• YOUR GOAL
For this exercise, reproduce each entry below exactly, excluding pictures.

*** SOURCE DATA

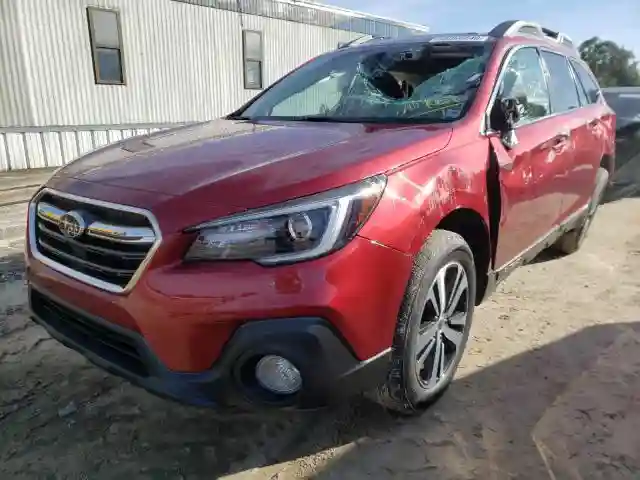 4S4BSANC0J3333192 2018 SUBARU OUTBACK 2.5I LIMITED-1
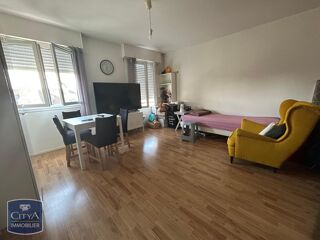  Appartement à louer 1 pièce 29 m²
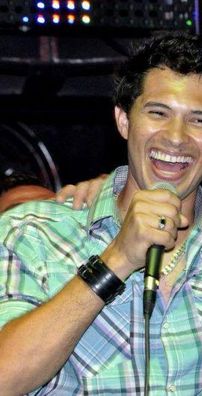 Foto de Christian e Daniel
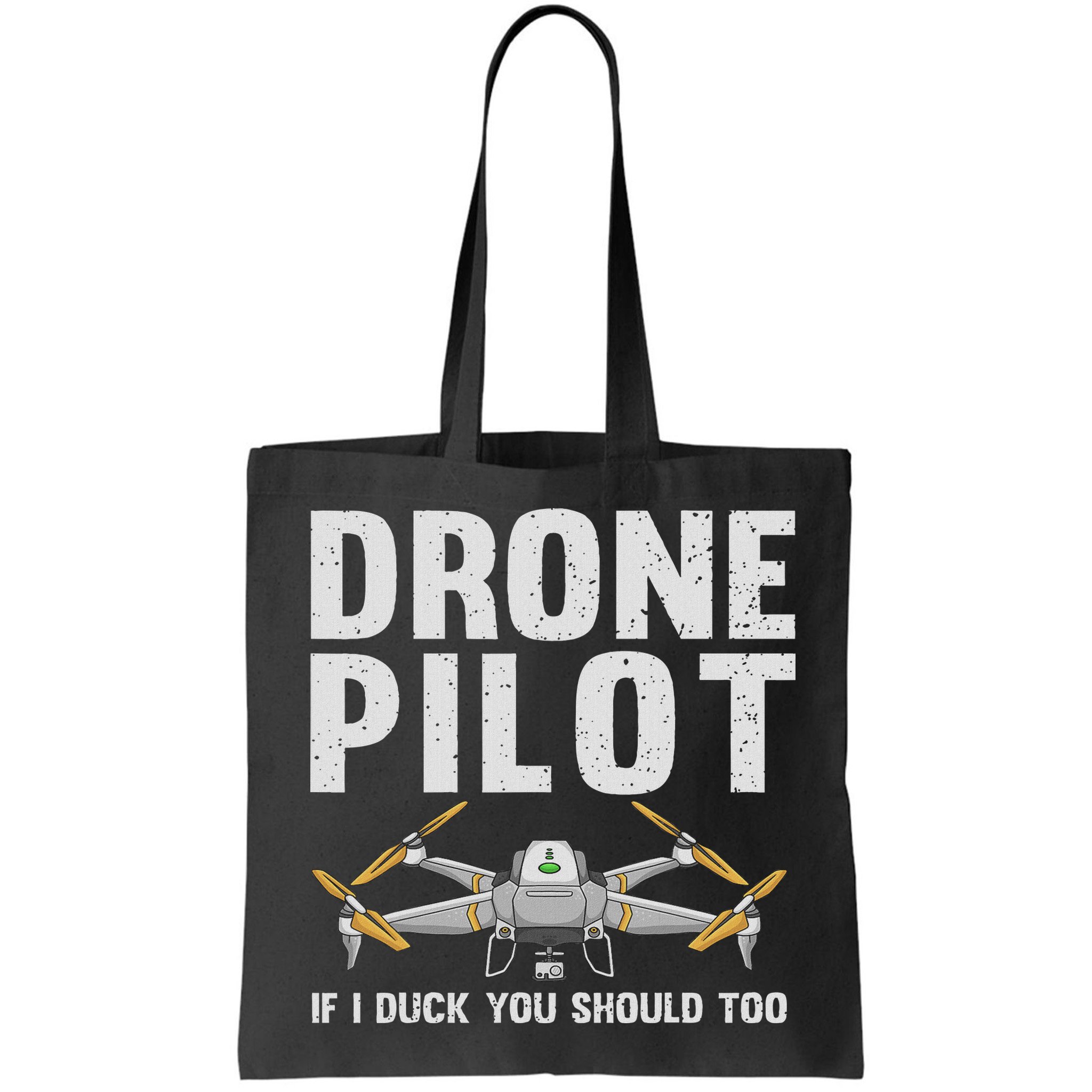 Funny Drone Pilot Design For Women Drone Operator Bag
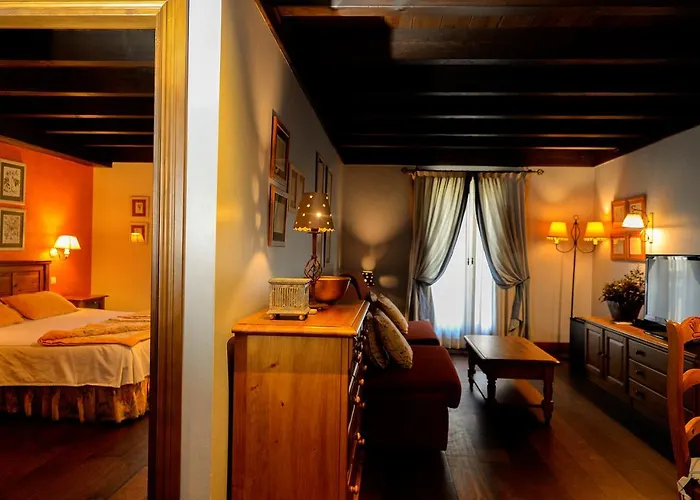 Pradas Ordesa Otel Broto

******

• YOUR RESPONSE
 4S4BSANC0J3333192 2018 SUBARU OUTBACK 2.5I LIMITED-1
  Appartement à louer 1 pièce 29 m²
 Foto de Christian e Daniel
 Funny Drone Pilot Design For Women Drone Operator Bag
 Pradas Ordesa Otel Broto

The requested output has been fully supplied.